_EXERCISE OBJECTIVE_. Word for word, restate the lines from the one holding "Ten Unidentified Soldiers" through the end of the data below, including both endpoints and nothing more.

_EXERCISE DATA_.
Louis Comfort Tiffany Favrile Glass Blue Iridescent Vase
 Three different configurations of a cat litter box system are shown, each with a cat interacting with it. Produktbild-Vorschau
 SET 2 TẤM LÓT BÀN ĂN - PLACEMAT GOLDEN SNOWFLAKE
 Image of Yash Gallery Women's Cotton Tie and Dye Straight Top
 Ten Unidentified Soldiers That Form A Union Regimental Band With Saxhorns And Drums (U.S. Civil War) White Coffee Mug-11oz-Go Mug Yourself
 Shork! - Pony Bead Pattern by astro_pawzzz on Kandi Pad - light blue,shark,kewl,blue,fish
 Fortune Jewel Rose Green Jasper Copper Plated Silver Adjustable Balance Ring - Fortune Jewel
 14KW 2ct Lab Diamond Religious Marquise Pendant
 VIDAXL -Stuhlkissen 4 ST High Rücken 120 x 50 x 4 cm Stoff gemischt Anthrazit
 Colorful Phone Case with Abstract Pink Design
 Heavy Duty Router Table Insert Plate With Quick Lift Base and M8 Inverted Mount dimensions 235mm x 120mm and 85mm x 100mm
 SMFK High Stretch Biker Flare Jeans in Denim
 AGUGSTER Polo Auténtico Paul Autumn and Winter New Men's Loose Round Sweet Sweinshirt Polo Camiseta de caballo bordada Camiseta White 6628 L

_COMPLETED TASK_.
 Ten Unidentified Soldiers That Form A Union Regimental Band With Saxhorns And Drums (U.S. Civil War) White Coffee Mug-11oz-Go Mug Yourself
 Shork! - Pony Bead Pattern by astro_pawzzz on Kandi Pad - light blue,shark,kewl,blue,fish
 Fortune Jewel Rose Green Jasper Copper Plated Silver Adjustable Balance Ring - Fortune Jewel
 14KW 2ct Lab Diamond Religious Marquise Pendant
 VIDAXL -Stuhlkissen 4 ST High Rücken 120 x 50 x 4 cm Stoff gemischt Anthrazit
 Colorful Phone Case with Abstract Pink Design
 Heavy Duty Router Table Insert Plate With Quick Lift Base and M8 Inverted Mount dimensions 235mm x 120mm and 85mm x 100mm
 SMFK High Stretch Biker Flare Jeans in Denim
 AGUGSTER Polo Auténtico Paul Autumn and Winter New Men's Loose Round Sweet Sweinshirt Polo Camiseta de caballo bordada Camiseta White 6628 L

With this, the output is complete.